═════ Extracted entries ═════
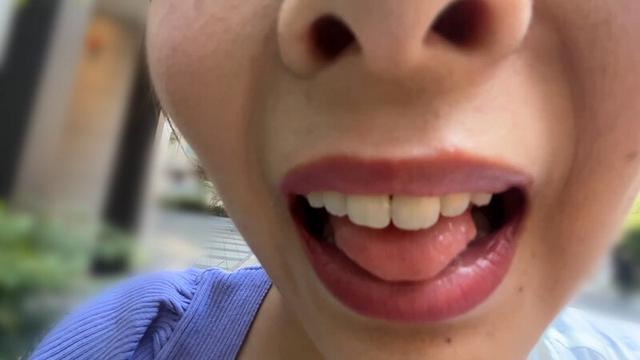 街角で声をかけて口内観察させてもらう アパレル店員 さつきちゃん サンプル画像 5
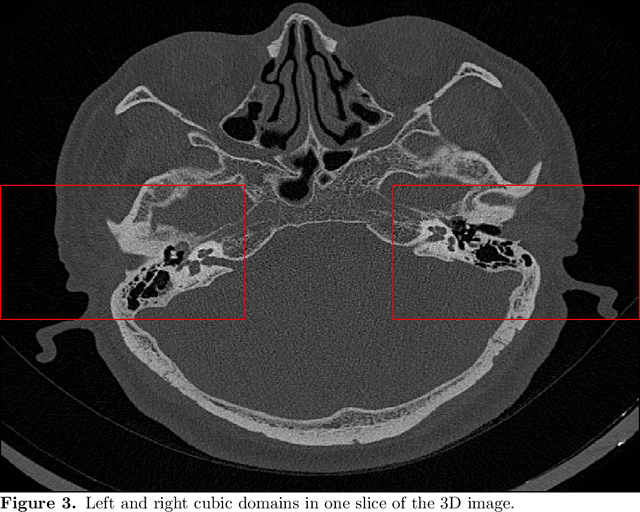 Figure 4 for Ricci Curvature Based Volumetric Segmentation of the Auditory Ossicles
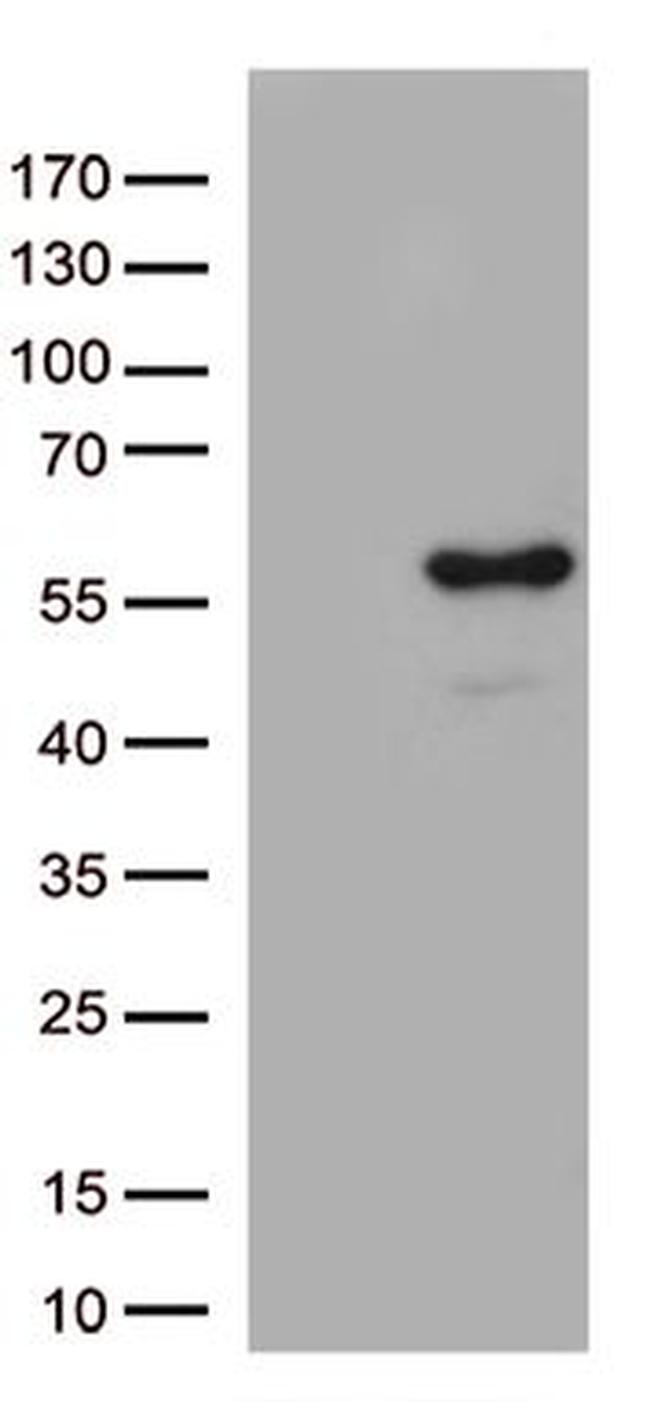 ARRB1 Antibody in Western Blot (WB)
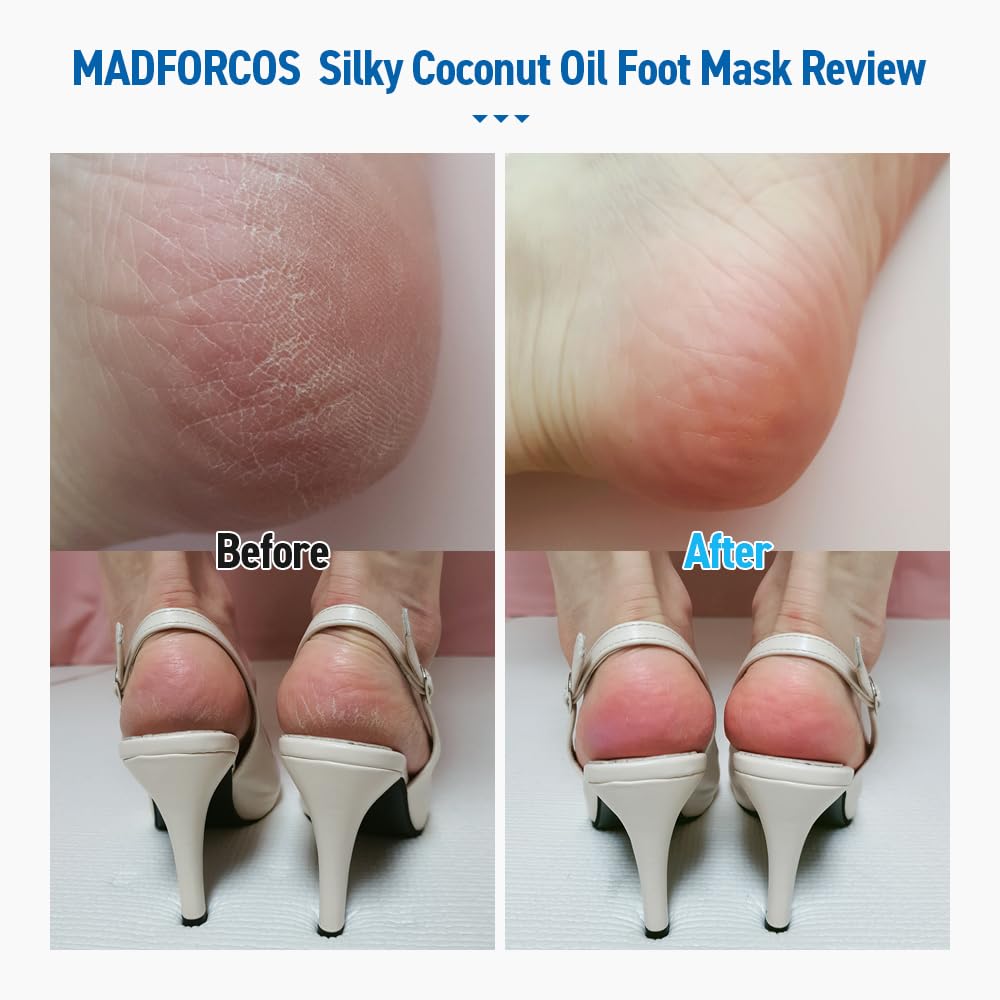 MADFORCOS soft feet after use with smoother appearance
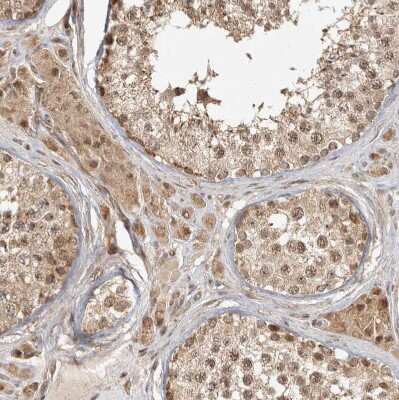 Immunohistochemistry-Paraffin: CAMSAP1L1 Antibody [NBP1-82935]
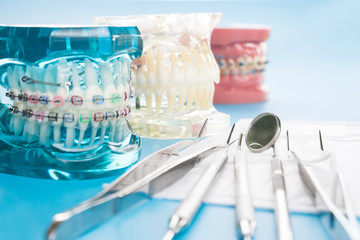 orthodontic model and dentist tool - demonstration teeth model of varities of orthodontic bracket or brace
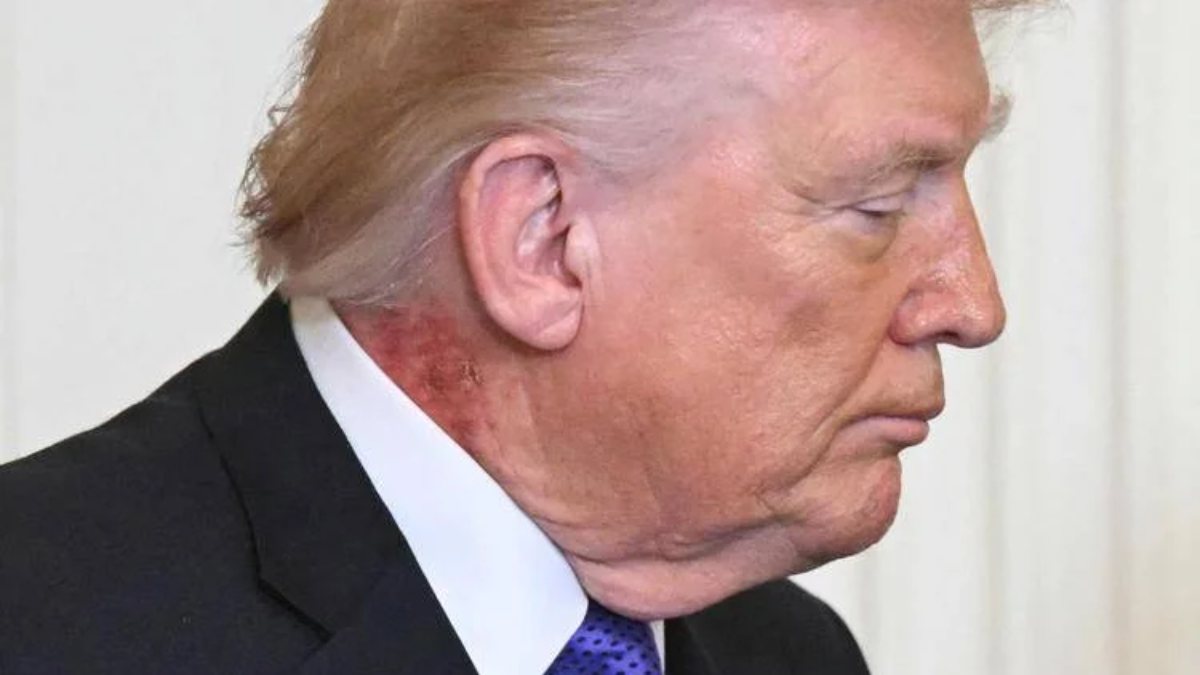 trump con il collo rosso la foto scatena i dubbi sulla sua salute da Thesocialpost.it trump con il collo rosso la foto scatena i dubbi sulla sua salute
═════
Apart from the images, everything in the records must be repeated exactly.

 街角で声をかけて口内観察させてもらう アパレル店員 さつきちゃん サンプル画像 5
 Figure 4 for Ricci Curvature Based Volumetric Segmentation of the Auditory Ossicles
 ARRB1 Antibody in Western Blot (WB)
 MADFORCOS soft feet after use with smoother appearance
 Immunohistochemistry-Paraffin: CAMSAP1L1 Antibody [NBP1-82935]
 orthodontic model and dentist tool - demonstration teeth model of varities of orthodontic bracket or brace
 trump con il collo rosso la foto scatena i dubbi sulla sua salute da Thesocialpost.it trump con il collo rosso la foto scatena i dubbi sulla sua salute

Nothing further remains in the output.